Over Writing weights of a pre-trained network like alexnet

Mujtaba · January 5, 2018, 3:34pm

Hi Guys,
We can extract weights of a pre-trained network in the following ways:

model = models.alexnet(pretrained=True)
param = model.parameters()

weights_conv1 = next(param)
bias_conv1 = next(param)

OR

weights_conv1 = list(list(model.features.children())[0].parameters())[0]
bias_conv1 = list(list(model.features.children())[0].parameters())[1]

OR

value = model.state_dict()
weights_conv1 = value['features.0.weights']
bias_conv1 = value['features.0.bias']

OR

weights_conv1 = model.state_dict()['features.0.weights']
bias_conv1 =  model.state_dict()['features.0.bias']

My question here is that can we overwrite these weights/biases like:

model.state_dict()['features.0.bias'] = Variable(torch.randn(64))

OR

list(list(model.features.children())[0].parameters())[1] = Variable(torch.randn(64))

???
I am trying this but its not working. is there any other method for this???
Actually i want to provide the weights by myself and don’t allow model to learn them by back propagation.

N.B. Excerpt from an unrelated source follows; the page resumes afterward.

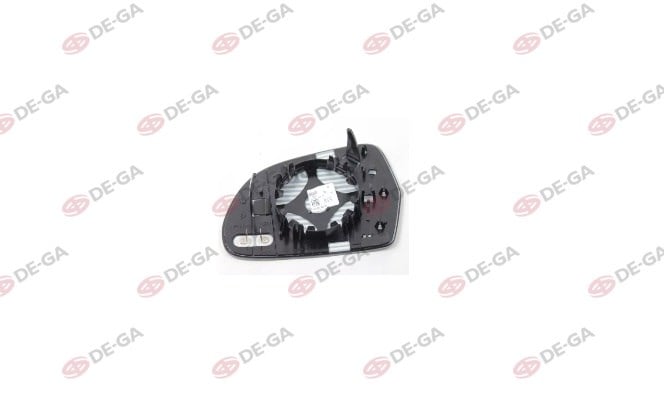 Audi A3 A4 Octavia Dış Ayna Camı Isıtmalı Mavi Geniş Sol 2008- DEGA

smth · January 11, 2018, 2:00pm

What you need to do is:

state_dict = model.state_dict()
fbias = state_dict["features.0.bias"]
state_dict["features.0.bias"] = Variable(fbias.data.new(64).normal_()) # make a random tensor of same type and device as original
model.load_state_dict(state_dict)

tor · July 6, 2018, 8:33am

Which one is the best practice between above and this?
So far, I observe both are the same, but I am afraid there is a catch.

state_dict = model.state_dict()
fbias = state_dict["features.0.bias"]

# approach 1: from above
state_dict["features.0.bias"] = Variable(fbias.data.new(64).normal_()) 
model.load_state_dict(state_dict)

# approach 2: from https://stackoverflow.com/questions/49446785/how-can-i-update-the-parameters-of-a-neural-network-in-pytorch
state_dict["features.0.bias"].copy_( Variable(fbias.data.new(64).normal_()) )

Thank you.

smth · July 6, 2018, 12:36pm

The copy is probably slightly nicer. If state_dict["features.0.bias"] is sharing storage with something else, then the copy makes sure that the sharing is preserved. (for example, if features.0.bias is a view of another Tensor).